RECORDS FOR THIS EXERCISE -
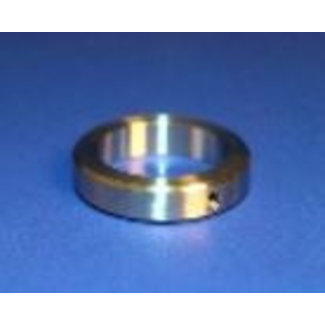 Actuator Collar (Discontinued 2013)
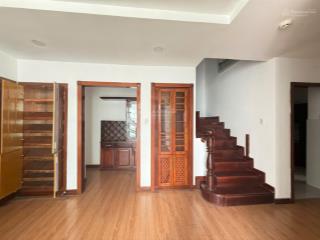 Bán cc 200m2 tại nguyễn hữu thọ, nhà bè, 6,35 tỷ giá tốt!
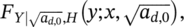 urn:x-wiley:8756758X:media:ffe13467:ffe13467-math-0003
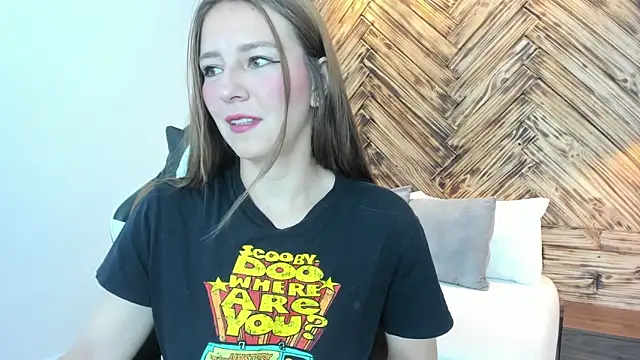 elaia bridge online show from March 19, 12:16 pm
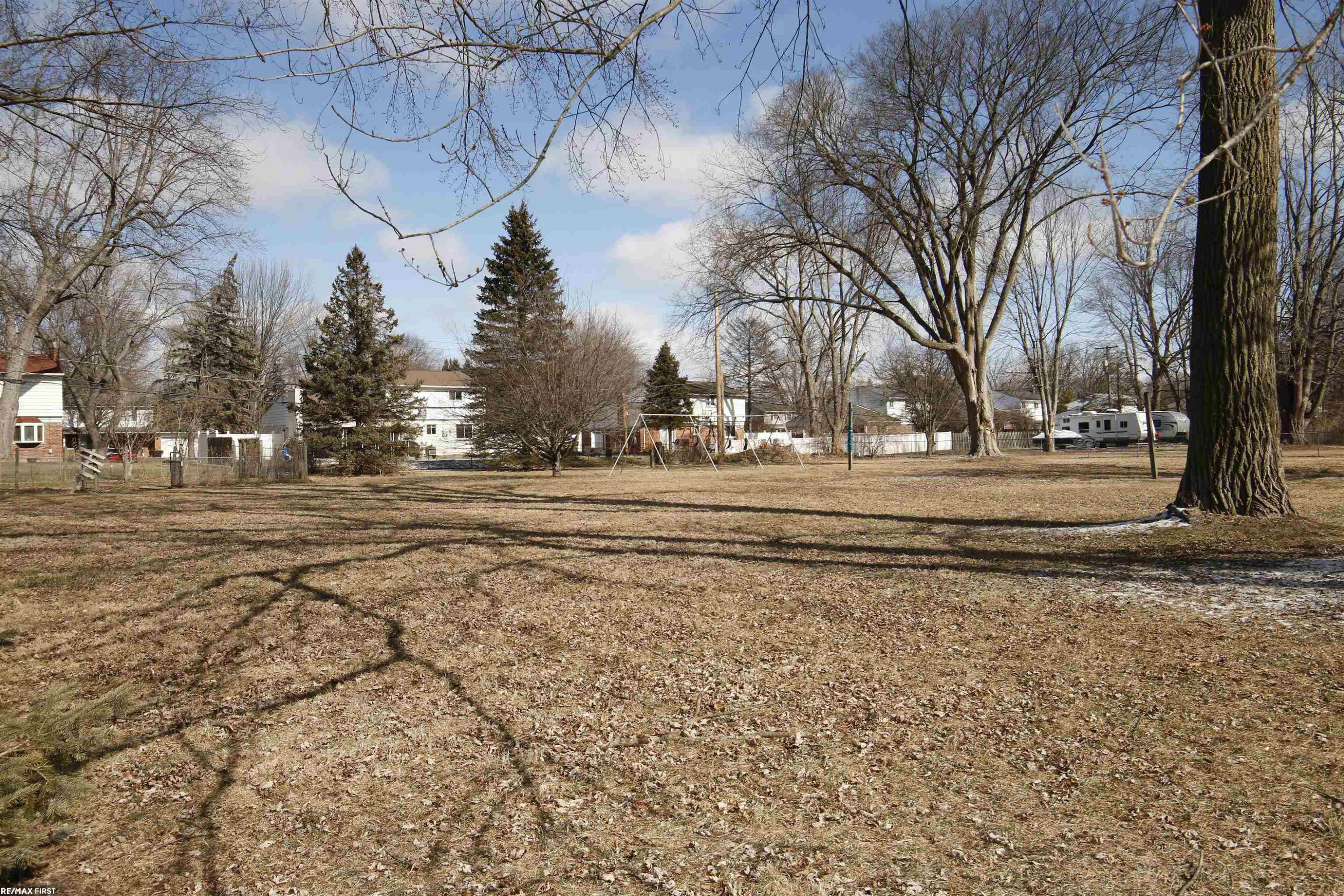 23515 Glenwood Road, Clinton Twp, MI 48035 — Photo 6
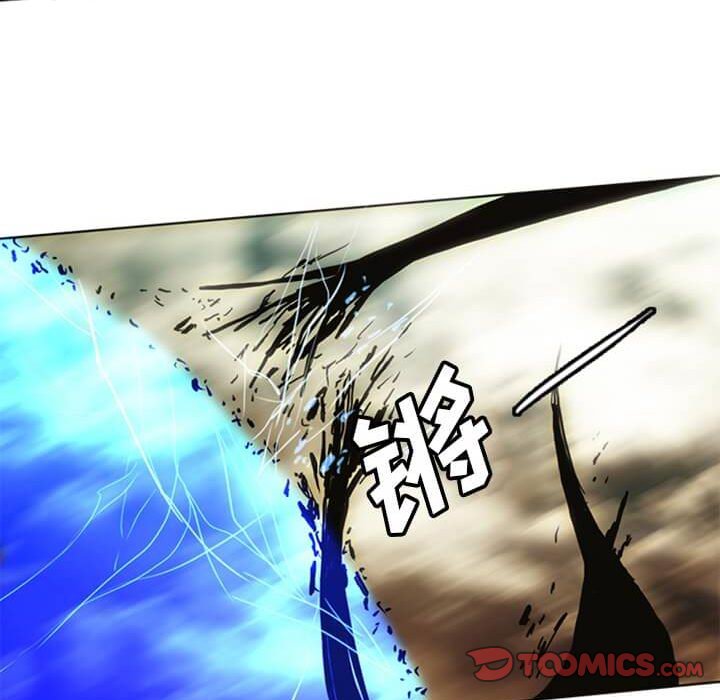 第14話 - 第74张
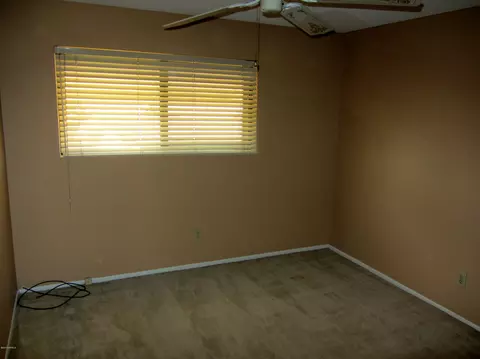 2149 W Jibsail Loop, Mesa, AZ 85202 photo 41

--

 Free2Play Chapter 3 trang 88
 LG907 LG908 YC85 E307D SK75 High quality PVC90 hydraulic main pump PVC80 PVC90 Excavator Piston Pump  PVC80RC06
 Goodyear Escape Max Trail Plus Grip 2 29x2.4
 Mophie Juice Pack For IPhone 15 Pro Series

WHAT TO PRODUCE - Would you please reproduce the entries above, starting at the line with "23515 Glenwood Road, Clinton" and stopping after the line with "2149 W Jibsail Loop, Mesa, AZ 85202 photo 41"? Omit any pictures.

SOLUTION -
 23515 Glenwood Road, Clinton Twp, MI 48035 — Photo 6
 第14話 - 第74张
 2149 W Jibsail Loop, Mesa, AZ 85202 photo 41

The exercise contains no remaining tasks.